Try this: Involve IT early and often in the ideation phase of product innovation and keep them abreast of new features. IT participation can also help align product design with the strengths and capabilities of your internal core system.

4. Product sign off for launch

To release a new product more efficiently, proper governance of the project is essential. When all key stakeholders are not included in the process, failure happens.  

Try this: Develop a dedicated governance process that enables collaboration between all key stakeholders to efficiently manage end-to-end timelines and quickly respond to unforeseen complications and delays. Cultivate a culture of fluidity and flexibility around product innovation to empower teammates to overcome implementation hurdles with agility.

5. Monitor and review of the product development life cycle (PDLC)  

Without a formal review process to glean lessons learned and best practices from the PDLC of previous innovations, the same inefficiency and bottleneck failures repeat themselves again and again. Innovative process gains also aren’t captured well, resulting in future product innovations that don’t benefit from these improvements over time.  

Try this: Conduct an internal review after every new product launch that evaluates successes and failures from ideation to launch. Use these insights to guide future product innovation best practices.

Here are a few questions to guide your review:

  • How did we perform?
  • What bottlenecks did we encounter?
  • Where were the gaps in our execution?
  • What went right?
  • What went wrong?
  • What did we learn?

Monitor how each new product is performing in specific regions and demographics within your target market and use this data to inform future product decisions.  To take it to the next level, include the use of GenAI to review notes and feedback not only from clients, but from agents, underwriting and customer service as well. It’s also important for insurers to address multiple (and often redundant) policy administration systems. Using one system for market linked products, another for protection products and yet another for annuity products, for example, creates a complicated environment filled with opportunities for things to go wrong or fall through the cracks. Get to the root of this problem by investing adequate time and resources into consolidating redundant systems across your organization.

In conclusion

Anticipating and avoiding failure points in pursuit of product innovation is a great start. But where do we go from here?

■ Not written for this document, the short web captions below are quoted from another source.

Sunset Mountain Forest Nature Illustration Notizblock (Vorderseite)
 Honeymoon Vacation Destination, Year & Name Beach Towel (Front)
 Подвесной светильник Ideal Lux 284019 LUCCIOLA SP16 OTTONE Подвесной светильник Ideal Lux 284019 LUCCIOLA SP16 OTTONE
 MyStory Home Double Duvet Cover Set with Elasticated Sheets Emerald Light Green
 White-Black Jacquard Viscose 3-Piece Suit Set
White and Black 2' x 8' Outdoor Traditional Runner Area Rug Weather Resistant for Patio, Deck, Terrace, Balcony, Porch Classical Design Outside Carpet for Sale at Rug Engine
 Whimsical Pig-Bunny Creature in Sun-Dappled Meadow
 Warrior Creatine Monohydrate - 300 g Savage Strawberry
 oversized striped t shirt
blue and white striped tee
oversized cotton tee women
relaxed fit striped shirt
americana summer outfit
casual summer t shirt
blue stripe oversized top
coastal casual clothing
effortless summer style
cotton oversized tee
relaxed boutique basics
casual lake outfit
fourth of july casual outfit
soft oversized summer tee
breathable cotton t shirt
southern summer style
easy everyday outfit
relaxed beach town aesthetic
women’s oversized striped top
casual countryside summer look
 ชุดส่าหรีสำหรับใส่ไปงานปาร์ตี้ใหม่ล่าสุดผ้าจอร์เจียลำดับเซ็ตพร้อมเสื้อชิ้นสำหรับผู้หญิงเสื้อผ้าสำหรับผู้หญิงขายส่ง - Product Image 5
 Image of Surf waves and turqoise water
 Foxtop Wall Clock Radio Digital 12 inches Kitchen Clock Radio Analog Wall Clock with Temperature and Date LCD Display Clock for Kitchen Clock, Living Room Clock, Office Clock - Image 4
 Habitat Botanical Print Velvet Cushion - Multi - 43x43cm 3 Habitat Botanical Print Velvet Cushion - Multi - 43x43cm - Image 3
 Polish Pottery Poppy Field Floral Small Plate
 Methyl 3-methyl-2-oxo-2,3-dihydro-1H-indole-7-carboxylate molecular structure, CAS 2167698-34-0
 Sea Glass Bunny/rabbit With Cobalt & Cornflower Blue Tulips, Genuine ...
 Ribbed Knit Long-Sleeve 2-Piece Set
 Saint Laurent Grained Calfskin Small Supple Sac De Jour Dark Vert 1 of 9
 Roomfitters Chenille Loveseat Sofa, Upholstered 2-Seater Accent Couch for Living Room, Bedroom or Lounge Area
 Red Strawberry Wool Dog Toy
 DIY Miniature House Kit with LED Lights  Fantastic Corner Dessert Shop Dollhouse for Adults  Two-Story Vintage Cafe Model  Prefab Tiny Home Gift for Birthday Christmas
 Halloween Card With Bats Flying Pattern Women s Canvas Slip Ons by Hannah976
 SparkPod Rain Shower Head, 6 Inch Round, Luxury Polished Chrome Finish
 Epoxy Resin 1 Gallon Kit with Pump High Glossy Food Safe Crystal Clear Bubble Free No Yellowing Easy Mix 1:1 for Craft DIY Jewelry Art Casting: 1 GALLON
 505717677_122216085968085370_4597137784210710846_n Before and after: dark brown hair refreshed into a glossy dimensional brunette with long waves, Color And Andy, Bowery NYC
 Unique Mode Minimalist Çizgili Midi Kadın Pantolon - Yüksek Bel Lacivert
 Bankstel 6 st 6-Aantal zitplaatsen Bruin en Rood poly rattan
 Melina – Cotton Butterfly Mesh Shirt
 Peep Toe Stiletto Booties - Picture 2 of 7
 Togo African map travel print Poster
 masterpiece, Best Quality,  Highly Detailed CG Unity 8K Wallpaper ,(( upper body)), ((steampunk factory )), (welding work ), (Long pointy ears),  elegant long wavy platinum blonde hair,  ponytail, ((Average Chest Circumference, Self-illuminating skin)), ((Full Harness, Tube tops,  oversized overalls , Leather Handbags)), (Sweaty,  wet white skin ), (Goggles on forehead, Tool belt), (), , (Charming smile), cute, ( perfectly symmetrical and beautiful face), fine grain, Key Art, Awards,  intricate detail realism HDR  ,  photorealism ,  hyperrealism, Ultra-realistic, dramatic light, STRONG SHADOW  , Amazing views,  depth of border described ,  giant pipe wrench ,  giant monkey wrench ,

Younger policyholders who are currently the beneficiaries of substantial wealth transfer from the older generations are seeking emotional, physical and financial wellness partners, not death insurance payors. Although the path is fraught with twists and turns, life insurers must embrace product innovation to emerge as lifestyle partners for the next generation of consumers. Those that navigate this well will rise to the top, delivering relevant offerings that resonate with the needs and desires of today’s — and tomorrow’s — customer.